A small AI company had designed an AI product that uses the whole wafer to make just one unit. It is 56.7 times larger than the largest Nvidia graphics processing unit, which measures 815 square millimeters and 21.1 billion transistors.

WSE beside an nVIDIA Tesla V100

Generally a wafer has defects so the company had to build redundancy into their device to handle the problem.

The WSE also contains 3,000 times more high-speed, on-chip memory and has 10,000 times more memory bandwidth. Chip size is profoundly important in AI, as big chips process information more quickly, producing answers in less time. 

The 46,225 square millimeters of silicon in the Cerebras WSE house 400,000 AI-optimized, no-cache, no-overhead, compute cores and 18 gigabytes of local, distributed, superfast SRAM memory as the one and only level of the memory hierarchy. Memory bandwidth is 9 petabytes per second.
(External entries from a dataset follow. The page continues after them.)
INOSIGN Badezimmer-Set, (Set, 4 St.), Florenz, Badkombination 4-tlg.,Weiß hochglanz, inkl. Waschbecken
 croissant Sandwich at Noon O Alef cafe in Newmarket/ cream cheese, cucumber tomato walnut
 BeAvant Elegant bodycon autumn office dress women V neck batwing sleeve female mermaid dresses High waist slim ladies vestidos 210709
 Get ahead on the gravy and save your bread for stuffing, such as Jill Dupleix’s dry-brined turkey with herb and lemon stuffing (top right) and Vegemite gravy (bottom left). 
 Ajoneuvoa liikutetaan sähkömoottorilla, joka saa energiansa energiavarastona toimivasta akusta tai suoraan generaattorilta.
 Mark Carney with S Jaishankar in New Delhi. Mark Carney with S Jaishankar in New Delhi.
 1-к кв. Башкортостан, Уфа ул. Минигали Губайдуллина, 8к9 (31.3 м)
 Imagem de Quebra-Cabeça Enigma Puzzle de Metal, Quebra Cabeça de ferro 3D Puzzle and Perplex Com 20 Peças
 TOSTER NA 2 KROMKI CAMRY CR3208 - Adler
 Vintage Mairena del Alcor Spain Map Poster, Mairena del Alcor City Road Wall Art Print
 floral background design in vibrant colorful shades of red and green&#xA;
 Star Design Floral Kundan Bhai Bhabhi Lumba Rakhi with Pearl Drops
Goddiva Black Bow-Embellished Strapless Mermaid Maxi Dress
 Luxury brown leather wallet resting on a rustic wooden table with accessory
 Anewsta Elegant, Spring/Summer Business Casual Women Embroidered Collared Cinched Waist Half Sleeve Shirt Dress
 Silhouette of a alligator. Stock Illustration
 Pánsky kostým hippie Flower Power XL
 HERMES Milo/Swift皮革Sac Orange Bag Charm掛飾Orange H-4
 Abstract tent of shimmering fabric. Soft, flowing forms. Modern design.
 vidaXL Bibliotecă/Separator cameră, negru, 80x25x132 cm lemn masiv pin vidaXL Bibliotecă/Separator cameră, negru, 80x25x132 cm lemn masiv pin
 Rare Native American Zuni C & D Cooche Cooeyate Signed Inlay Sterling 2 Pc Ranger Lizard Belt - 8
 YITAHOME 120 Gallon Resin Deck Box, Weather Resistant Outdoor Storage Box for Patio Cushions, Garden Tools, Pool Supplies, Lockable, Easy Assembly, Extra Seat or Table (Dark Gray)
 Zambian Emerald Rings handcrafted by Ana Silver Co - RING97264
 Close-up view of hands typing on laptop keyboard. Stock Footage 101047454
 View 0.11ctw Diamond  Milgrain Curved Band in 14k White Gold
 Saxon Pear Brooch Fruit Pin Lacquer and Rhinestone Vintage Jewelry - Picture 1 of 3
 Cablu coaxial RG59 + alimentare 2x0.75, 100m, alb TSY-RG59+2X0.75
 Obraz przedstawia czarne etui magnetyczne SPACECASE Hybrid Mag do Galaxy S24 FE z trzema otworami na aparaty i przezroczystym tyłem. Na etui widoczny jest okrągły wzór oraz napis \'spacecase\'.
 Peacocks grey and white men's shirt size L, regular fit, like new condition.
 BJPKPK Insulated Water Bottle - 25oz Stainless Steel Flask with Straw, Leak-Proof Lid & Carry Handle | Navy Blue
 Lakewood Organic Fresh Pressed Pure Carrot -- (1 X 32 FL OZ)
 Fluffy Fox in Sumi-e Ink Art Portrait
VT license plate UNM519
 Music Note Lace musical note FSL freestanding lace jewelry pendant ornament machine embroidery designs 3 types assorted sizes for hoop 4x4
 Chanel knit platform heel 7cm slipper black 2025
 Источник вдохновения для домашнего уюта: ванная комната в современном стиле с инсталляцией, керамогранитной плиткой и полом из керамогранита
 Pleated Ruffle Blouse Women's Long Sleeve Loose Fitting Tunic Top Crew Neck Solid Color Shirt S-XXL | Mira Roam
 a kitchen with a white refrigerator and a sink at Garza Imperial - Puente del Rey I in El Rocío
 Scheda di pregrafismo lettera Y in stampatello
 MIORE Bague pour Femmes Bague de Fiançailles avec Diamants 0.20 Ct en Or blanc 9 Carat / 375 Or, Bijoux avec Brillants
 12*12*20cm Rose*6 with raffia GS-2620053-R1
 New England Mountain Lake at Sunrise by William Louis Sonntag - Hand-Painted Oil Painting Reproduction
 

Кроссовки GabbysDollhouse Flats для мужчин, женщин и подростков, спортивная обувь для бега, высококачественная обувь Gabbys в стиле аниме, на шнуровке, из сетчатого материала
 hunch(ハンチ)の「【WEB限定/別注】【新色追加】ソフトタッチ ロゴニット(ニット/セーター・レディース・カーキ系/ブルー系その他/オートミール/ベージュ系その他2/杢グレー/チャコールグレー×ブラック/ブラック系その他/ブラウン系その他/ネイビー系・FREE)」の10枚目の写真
The cores are linked together with a fine-grained, all-hardware, on-chip mesh-connected communication network that delivers an aggregate bandwidth of 100 petabits per second. More cores, more local memory, and a low-latency high-bandwidth fabric together create the optimal architecture for accelerating AI work.

The WSE is manufactured by TSMC on its advanced 16nm process technology. The company spent a lot of time with TSMC to design a wafer sized device.

The WSE needs about 15,000W of power so a bank of HX1000i PSUs would be needed to run it. This is over 50 time the power needed by the V100 GPU. Now if this WSE could perk up gaming, nVidia and AMD would have fits.